Fall on Rock — Inadequate Protection

California, Lake Tahoe Area, Cloudburst Canyon, Green Tongue Area
Author: Kyle Broxterman. Climb Year: 2021. Publication Year: 2022.

image_1On July 17 my girlfriend, Hannah (29), and I (30) went out for a day in an obscure climbing area, just southeast of Lake Tahoe, called Cloudburst Canyon. On my third climb I fell at the crux, ripped three pieces of protection, and fell to the ground.

I have been climbing for six years with most of my experience on multi-pitch trad moderates. Ready to push the grades, train harder, and be okay with taking more falls on trad, I jumped right in and looked for some 5.11 trad routes. I had heard of Cloudburst Canyon from a new friend, Nate. He said the only beta was on Mountain Project. We looked and saw several classic climbs in the area, including a 5.11- for me to attempt. We arrived, met Nate, and headed into the canyon.
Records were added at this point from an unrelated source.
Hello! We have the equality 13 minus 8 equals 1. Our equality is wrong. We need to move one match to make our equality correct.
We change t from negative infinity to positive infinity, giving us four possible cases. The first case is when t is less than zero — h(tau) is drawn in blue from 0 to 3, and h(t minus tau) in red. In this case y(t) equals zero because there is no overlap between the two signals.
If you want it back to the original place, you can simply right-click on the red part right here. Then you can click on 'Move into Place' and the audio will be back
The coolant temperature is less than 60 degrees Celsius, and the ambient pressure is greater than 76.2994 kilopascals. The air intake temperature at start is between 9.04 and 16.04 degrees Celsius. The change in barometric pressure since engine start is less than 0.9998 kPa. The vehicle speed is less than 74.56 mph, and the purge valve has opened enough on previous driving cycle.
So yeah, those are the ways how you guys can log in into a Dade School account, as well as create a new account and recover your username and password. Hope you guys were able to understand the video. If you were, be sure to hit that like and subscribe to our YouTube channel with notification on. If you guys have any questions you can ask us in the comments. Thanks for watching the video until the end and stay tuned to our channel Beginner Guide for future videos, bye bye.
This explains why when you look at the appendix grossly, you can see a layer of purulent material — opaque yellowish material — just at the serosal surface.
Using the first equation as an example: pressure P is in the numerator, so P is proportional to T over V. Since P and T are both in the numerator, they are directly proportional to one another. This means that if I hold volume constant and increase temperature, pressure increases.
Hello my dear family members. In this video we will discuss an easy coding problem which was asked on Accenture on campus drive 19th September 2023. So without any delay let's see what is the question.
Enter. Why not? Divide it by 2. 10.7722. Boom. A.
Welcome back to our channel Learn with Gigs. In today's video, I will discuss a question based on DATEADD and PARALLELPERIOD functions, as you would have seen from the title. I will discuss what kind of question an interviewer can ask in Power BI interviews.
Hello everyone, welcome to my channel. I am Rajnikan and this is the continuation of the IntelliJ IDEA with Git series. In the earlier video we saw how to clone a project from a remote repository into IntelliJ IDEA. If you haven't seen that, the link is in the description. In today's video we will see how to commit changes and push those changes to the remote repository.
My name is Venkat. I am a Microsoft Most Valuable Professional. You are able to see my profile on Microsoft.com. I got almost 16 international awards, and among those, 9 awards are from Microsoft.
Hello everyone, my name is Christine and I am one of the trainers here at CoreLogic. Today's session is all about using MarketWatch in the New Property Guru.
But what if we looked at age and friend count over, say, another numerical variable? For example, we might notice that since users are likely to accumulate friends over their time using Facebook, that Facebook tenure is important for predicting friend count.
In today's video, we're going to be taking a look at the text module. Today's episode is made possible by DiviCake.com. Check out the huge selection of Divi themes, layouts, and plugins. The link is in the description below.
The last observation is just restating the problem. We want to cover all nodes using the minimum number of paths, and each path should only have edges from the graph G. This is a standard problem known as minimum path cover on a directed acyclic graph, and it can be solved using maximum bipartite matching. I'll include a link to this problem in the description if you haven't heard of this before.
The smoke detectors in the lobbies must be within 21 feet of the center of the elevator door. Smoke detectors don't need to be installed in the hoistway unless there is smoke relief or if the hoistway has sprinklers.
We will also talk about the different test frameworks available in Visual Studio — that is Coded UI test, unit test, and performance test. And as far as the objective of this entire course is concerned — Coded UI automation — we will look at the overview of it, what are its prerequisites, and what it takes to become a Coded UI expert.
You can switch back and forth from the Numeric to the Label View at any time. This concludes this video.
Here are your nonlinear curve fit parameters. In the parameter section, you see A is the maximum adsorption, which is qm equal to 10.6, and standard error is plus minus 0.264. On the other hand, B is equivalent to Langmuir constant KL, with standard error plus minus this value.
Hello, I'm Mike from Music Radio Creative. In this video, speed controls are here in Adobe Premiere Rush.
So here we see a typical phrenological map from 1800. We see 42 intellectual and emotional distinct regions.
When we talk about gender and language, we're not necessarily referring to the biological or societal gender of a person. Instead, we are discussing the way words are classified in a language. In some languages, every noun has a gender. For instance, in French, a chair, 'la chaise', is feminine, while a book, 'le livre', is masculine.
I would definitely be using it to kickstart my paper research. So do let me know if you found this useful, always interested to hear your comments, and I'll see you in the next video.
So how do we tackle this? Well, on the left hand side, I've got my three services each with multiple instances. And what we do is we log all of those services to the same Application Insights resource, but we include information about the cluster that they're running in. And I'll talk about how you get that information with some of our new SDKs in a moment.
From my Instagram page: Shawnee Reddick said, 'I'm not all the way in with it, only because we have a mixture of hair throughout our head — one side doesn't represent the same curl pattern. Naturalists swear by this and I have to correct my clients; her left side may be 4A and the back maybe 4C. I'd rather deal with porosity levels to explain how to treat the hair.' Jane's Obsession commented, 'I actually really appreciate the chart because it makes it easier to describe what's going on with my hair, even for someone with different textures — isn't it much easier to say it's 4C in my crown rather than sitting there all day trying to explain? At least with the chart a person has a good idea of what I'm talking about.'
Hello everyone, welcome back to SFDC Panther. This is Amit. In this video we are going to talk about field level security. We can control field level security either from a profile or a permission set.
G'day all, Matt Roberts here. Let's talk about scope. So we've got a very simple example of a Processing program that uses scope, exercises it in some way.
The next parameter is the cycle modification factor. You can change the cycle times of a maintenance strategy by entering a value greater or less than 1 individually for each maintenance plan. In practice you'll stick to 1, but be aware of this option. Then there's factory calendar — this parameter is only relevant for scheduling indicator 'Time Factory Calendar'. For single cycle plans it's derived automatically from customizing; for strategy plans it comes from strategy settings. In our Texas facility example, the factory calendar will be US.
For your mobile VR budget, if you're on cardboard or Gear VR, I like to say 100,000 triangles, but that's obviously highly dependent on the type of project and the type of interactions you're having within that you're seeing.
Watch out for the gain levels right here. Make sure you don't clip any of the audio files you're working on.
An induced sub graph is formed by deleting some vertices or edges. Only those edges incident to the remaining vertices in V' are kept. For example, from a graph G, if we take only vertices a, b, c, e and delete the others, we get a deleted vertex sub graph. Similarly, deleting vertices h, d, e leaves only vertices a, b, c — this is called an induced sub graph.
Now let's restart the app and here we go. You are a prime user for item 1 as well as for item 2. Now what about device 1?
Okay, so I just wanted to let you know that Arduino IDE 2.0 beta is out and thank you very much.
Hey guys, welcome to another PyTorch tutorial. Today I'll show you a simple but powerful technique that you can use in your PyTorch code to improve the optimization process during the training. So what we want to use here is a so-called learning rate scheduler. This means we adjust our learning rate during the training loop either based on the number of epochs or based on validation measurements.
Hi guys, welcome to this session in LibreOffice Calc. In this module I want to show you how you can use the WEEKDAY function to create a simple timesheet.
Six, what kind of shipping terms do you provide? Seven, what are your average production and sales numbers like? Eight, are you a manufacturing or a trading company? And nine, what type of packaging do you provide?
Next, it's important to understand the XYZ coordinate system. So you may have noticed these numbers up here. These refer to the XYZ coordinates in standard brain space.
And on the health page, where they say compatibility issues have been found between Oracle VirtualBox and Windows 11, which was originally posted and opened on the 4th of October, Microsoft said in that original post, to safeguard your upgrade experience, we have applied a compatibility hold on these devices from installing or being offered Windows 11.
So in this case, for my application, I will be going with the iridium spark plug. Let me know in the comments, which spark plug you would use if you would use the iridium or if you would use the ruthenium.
After a loose and technical approach, we warmed up on two routes, a 5.9 and then a 5.10-. Both felt solid, so I turned my eyes toward an obscure route called “Unknown 11-”. I also saw a 10- directly to the right that shared anchors, which gave me the option of setting up a top-rope. I decided against this because of my new mindset. I was ready to lead harder climbs and was willing to fall. On the 11- route, the main feature was a lightning-bolt crack zigzagging up the slightly overhanging face. The first piece of protection was a bolt I could reach from the ground. After that it was going to be gear placements through the crux, then three bolts to the top.

A few moves into the climb, I placed a horizontal 0.3 Camalot in a shallow crack. Considering this route was at my limit, I didn’t feel I had time to make sure it was perfect, so I moved on. After five more feet, the gear was getting harder to place. I placed a small offset nut that passed a few tugs and looked decent. I kept climbing. I reached a bit of a rest and got another small offset nut above my head. I fired into the crux and got about five or six feet above my last piece when I couldn’t move up safely anymore. I did not want to come off desperately reaching for holds, so I yelled “Falling!” as I let go of the wall. I felt tension in the rope and then a “SNAP!” The next thing I knew I was on the ground, about 15 feet downhill from the start of the route. I’d fallen about 30 feet to the ground. The only thing keeping me from continuing down was Nate arresting my fall through the only piece left in the wall—the bolt at the start.

I had landed standing up, shattering my right calcaneus and fully fracturing the talus bone in my left foot. We quickly realized that getting me out of this remote canyon alone was not realistic. Nate went looking for some climbers we had spotted on the way up.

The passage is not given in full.